» TASK OBJECTIVE: Transcribe the data underneath exactly. No images belong in your version.

» DATA BLOCK:
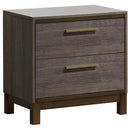  Furniture of America Manvel 2-Drawer Nightstand CM7867N IMAGE 1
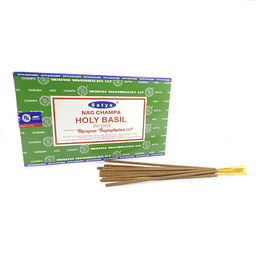 Благовония Satya M Holy Basil 15gm уп-12шт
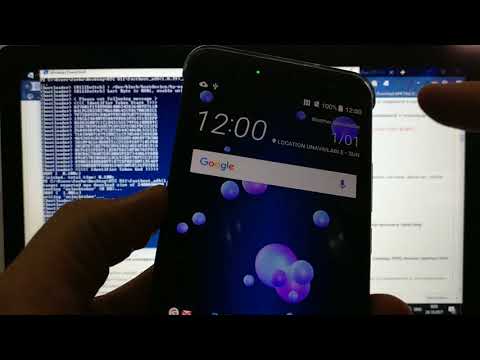 HTC U11. Разблокировка загрузчика и установка TWRP и SuperSu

» ANSWER TO THIS TASK:
  Furniture of America Manvel 2-Drawer Nightstand CM7867N IMAGE 1
 Благовония Satya M Holy Basil 15gm уп-12шт
 HTC U11. Разблокировка загрузчика и установка TWRP и SuperSu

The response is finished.